Rohstoffe im Banne von ... US-Dollar, Russland, Hurrikans und Rezessionsängsten
27.08.2008 | Eugen Weinberg
Energie
Der WTI-Ölpreis stieg gestern auf 117 USD je Barrel, nachdem zwischenzeitlich Tiefstände unter 113 USD verzeichnet wurden. Der Ölmarkt steht dabei ganz im Zeichen von Angebotsrisiken. Hurrikan Gustav hat sich zwar vorübergehend in einen Tropensturm abgeschwächt, droht aber in den nächsten Tagen den Golf von Mexiko zu erreichen und sich zu einem großen Hurrikan der Klasse vier zu entwickeln. Gustav könnte damit der stärkste Wirbelsturm seit drei Jahren werden, welcher die Ölinfrastruktur im Golf von Mexiko bedroht. Die Ölgesellschaften wollen heute damit beginnen, Arbeiter von den Plattformen zu evakuieren.
Neben der Sorge vor Angebotsstörungen sorgt auch der Kaukasus-Konflikt für Unterstützung. Gestern erkannte der russische Präsident Medwedew die abtrünnigen georgischen Provinzen Abchasien und Südosstien als unabhängig an. Damit erreichte der Konflikt eine neue Eskalationsstufe. Dass der Ölpreis vor diesem Hintergrund nicht noch stärker zulegen konnte, dürfte an Meldungen gelegen haben, wonach die US-Ölnachfrage im Juni noch deutlich schwächer gewesen ist als bislang angenommen. Das US-Energieministerium revidierte die ursprüngliche Schätzung um 793 Tsd Barrel pro Tag oder 3,9% auf 19,553 Mio Barrel pro Tag nach unten. Das sind 1,17 Mio Barrel pro Tag oder 5,6% weniger als vor einem Jahr. Heute werden vom US-Energieministerium die Lagerbestandsdaten für die vergangene Woche veröffentlicht. Die Rohöllagerbestände sollen um weitere 1,1 Mio. Barrel gestiegen sein.

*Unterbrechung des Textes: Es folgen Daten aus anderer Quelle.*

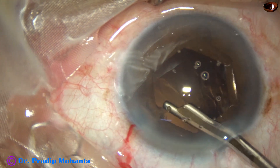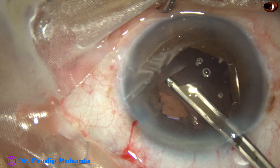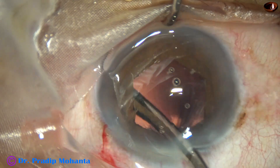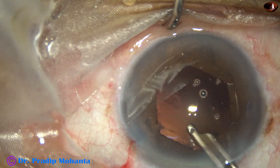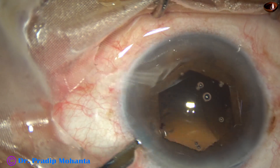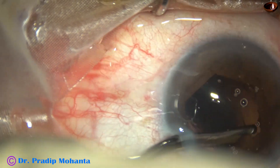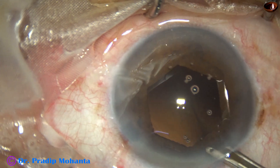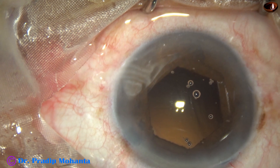Now I am removing the cortex. I can't see the cortex directly, but with a sweeping motion I can catch it and remove it. A 23-gauge Simcoe passes easily through the 1.6-millimeter side port, and with only one side port we can manage this case. Even B-hex application didn't require another side port — with the main wound we tucked two flanges, and with the side port the remaining flange.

Bei den Benzinvorräten wird mit einem Rückgang um 2,45 Mio. Barrel gerechnet, bei den Destillaten mit einem Lageraufbau um 600 Tsd Barrel. Angesichts der Hurrikanrisiken ist ein weiterer Anstieg in Richtung 120 USD wahrscheinlich. Erdgas konnte seit gestern um 7% auf 8,50 USD je mmBtu zulegen und damit deutlich stärker als Rohöl, da die Erdgasförderung durch den Hurrikan erheblich stärker gefährdet ist. Vor diesem Hintergrund besteht für den Gaspreis in den kommenden Tagen weiteres Anstiegspotenzial. Das Gleiche gilt für den Benzinpreis, welcher gestern um 5% steigen konnte. An der US-Golfküste sind gut 40% der US-Raffinerien beheimatet.
Edelmetalle
Gold konnte gestern unterstützt durch den fallenden US-Dollar, den steigenden Ölpreis und zunehmende geopolitische Risiken bis auf 830 USD je Feinunze steigen. Die Wechselkursentwicklung dürfte weiterhin bestimmend bleiben. Die heutigen Inflationsdaten für Deutschland könnten den Zinssenkungsspekulationen im Euroraum weiteren Vorschub leisten und somit den Euro belasten. Folglich könnte auch Gold unter Druck geraten. Das gestrige Tief von 807 USD sollte jedoch nicht unterschritten werden.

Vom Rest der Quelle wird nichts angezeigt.